Also embedded purely filesystem based backend will reduce the on-ramp to working with datacube-core and let people get started by simply pip installing datacube and indexing a bit of data into a file based DB via CLI tools without standing up PostgreSQL server.
Some specific backends are included here with use-cases.
Replace the DB queries performed to PostgreSQL with STAC Search API calls to locate relevant bands/s3-keys and offsets to load data from.

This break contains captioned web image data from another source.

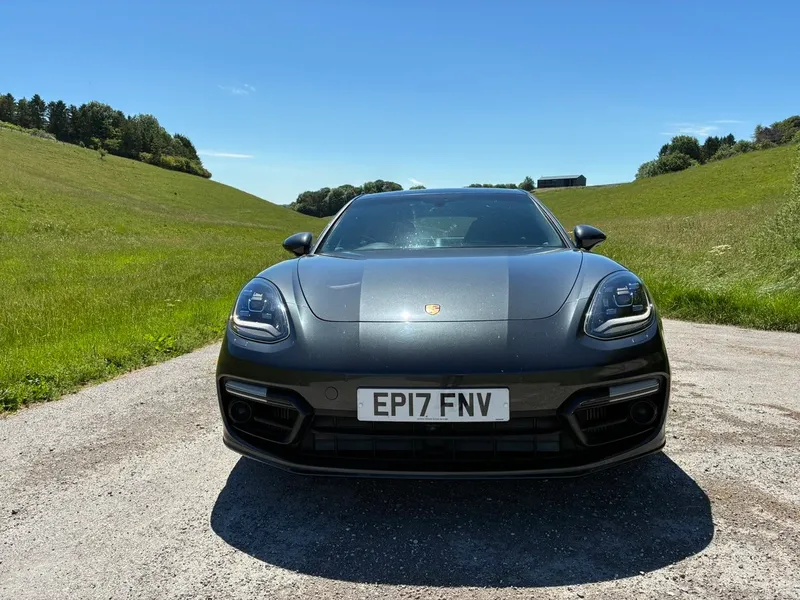 Porsche Panamera: Models and Specs (1/4)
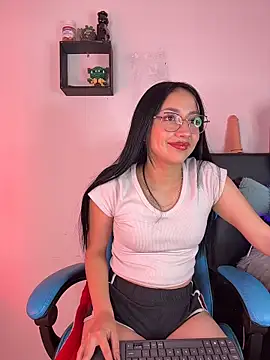  Mia kiss  online show from 04-05-26, 10:40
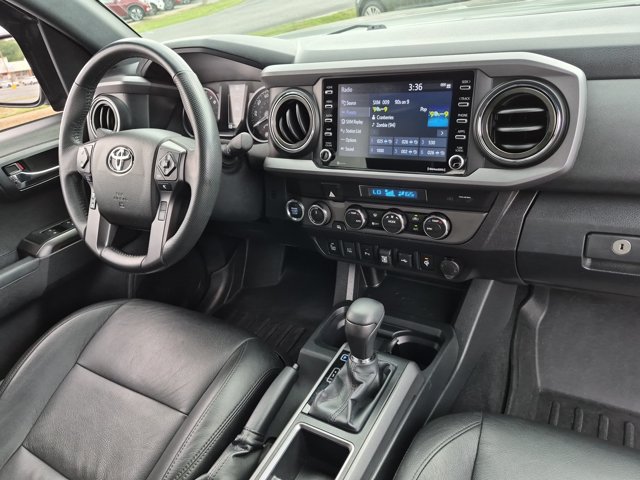 Used 2022 Toyota Tacoma TRD Off-Road w/ Technology Package AWD/4WD image 34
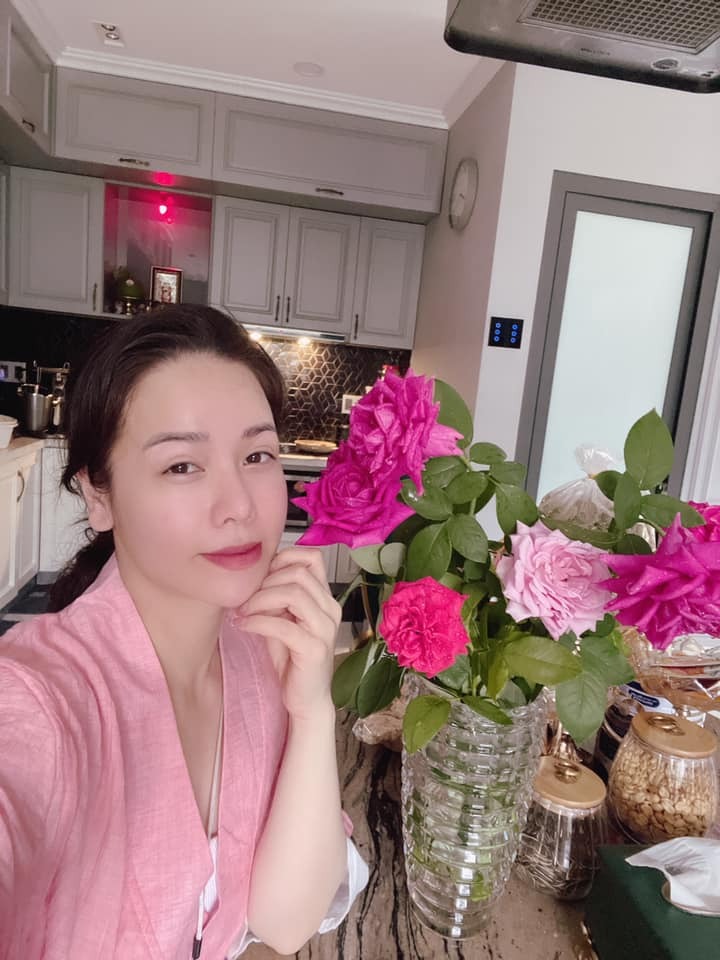 Nữ ca sĩ Việt 40 tuổi tự sinh con, không lấy chồng, ở biệt thự 20 tỷ- Ảnh 17. Nữ ca sĩ Việt 40 tuổi tự sinh con, không lấy chồng, ở biệt thự 20 tỷ- Ảnh 17.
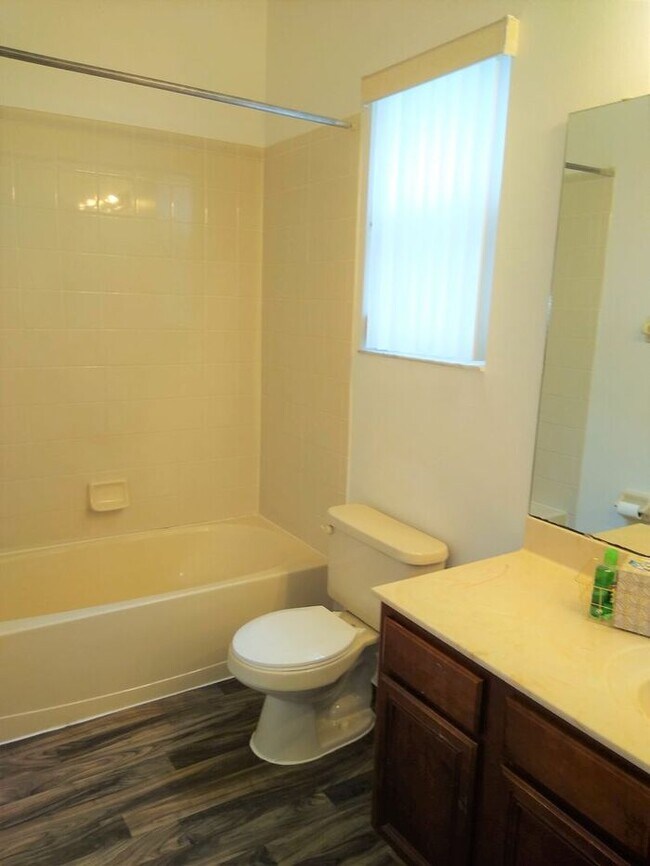 Building Photo - Single Family Home in Poinciana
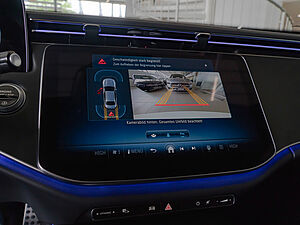Mercedes-Benz E 220 d AMG Sport Advanced 17 navigation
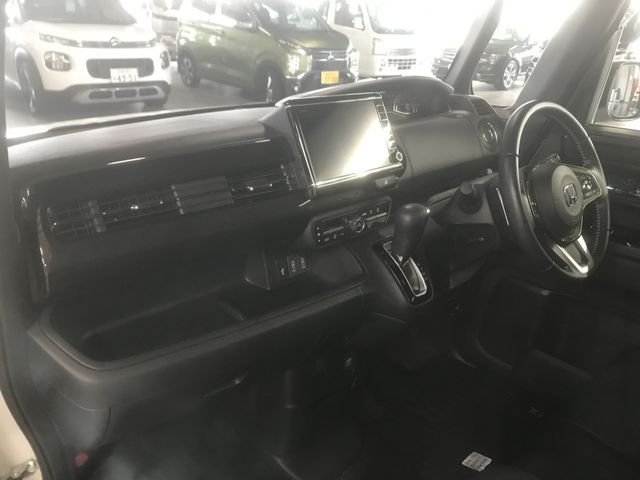 Honda N BOX CUSTOM 2019-02 196024-13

The common storage model for the datacube currently is COG files in S3 with STAC Metadata. Instead of indexing these STAC files into a PostgreSQL DB, they can be queried in situ using an ad-hoc Athena table. As Amazon S3 is the most common underlying data store for Amazon Athena, consideration should be made as to the structure of the index files in Amazon S3 to ensure highly performant Athena queries. The first approach to improving query performance is by partitioning data in Amazon S3. This is done by establishing folder structures where each folder segregates or groups related or similiar attributes such as product type, location, or use case. The second approach extends on the folder segregation using partition projections. Partition projections can reduce the runtime of queries against highly partitioned tables by specifying the ranges of partition values and projection types for each partition column in the table properties in the AWS Glue Data Catalog
Using Amazon DynamoDB, a NoSQL database, as an index store together with libraries such as dynamodb-geo, querying of indexes based on circular or rectangular boundaries is possible. By creating composite sort keys within DynamoDB will allow for extremely fast, scalable, and flexible querying of indexes based on attributes or boundaries. Fine grained access can be established so that subsets of data can be returned based on each users' level of access. A key constraint with using DynamoDB as the index store is the number of indexes being returned in a query, at it may use a large amount of Read Capacity Units to return very large results. Understanding the size of returned result-sets and benchmarking the speed, cost, and performance will determine whether or not DynamoDB is an applicable alternative to other solutions.
DynamoDB local is a version of AWS DynamoDB that can be run locally on a PC/Laptop/Server.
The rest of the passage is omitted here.